▸ TASK OBJECTIVE
Reproduce the listing in full, exactly as written, but without images.

▸ AVAILABLE RECORDS
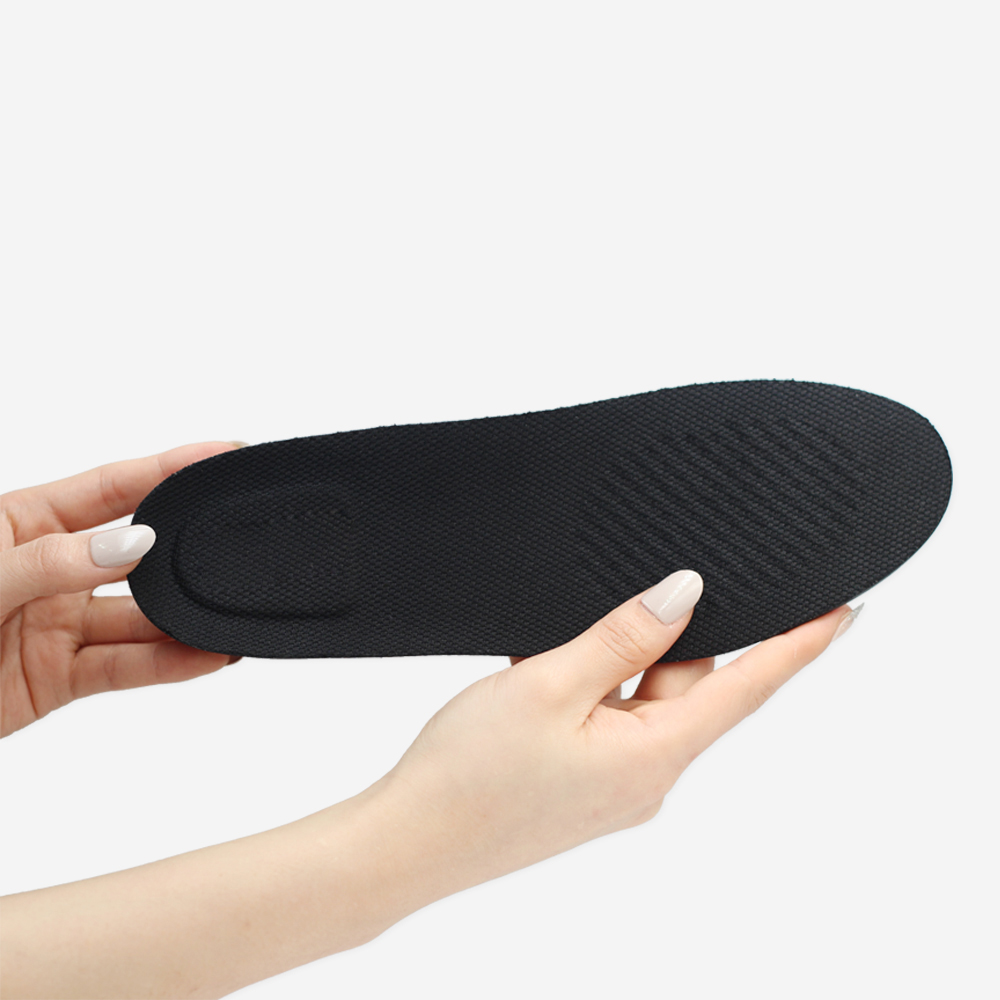 남자 여자 키높이 신발 발이편한 운동화 쿠션 기능성 소프트 깔창 2cm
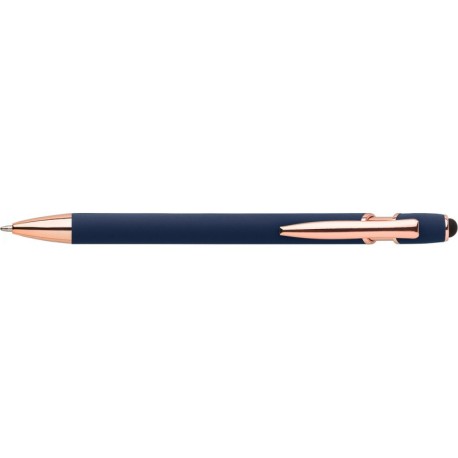 Długopis V1188-04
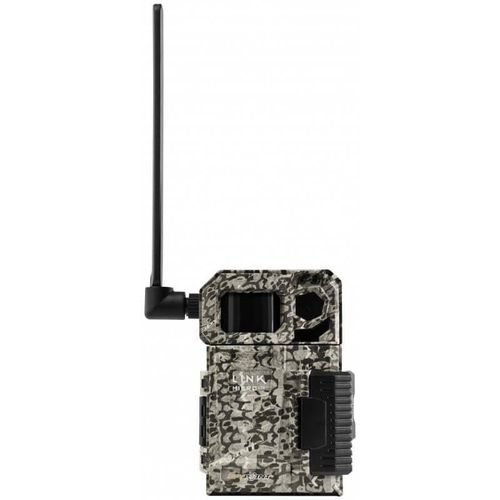 Caméra Spypoint Link Micro LTE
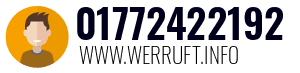 01772422192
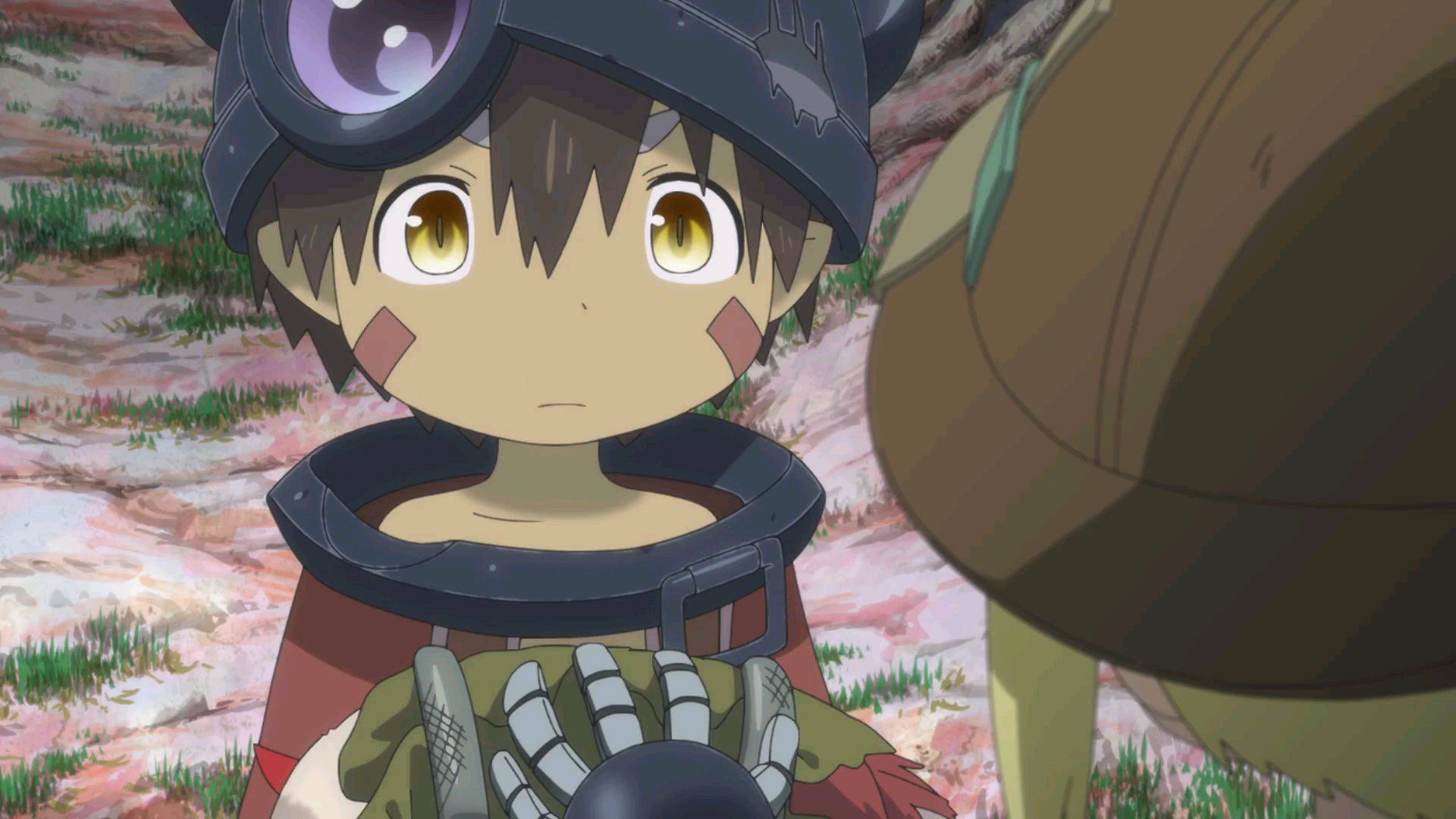 Made In Abyss Season 2 Episode 9 Review: Day Of Reckoning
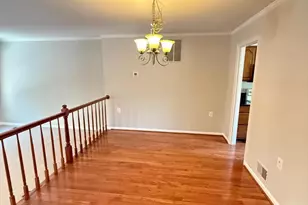 12413 Eden Ln, Woodbridge, VA 22192 - Photo 4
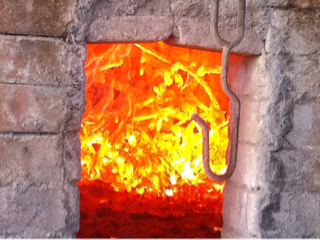 image-20120219215112.png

▸ REPLY
 남자 여자 키높이 신발 발이편한 운동화 쿠션 기능성 소프트 깔창 2cm
 Długopis V1188-04
 Caméra Spypoint Link Micro LTE
 01772422192
 Made In Abyss Season 2 Episode 9 Review: Day Of Reckoning
 12413 Eden Ln, Woodbridge, VA 22192 - Photo 4
 image-20120219215112.png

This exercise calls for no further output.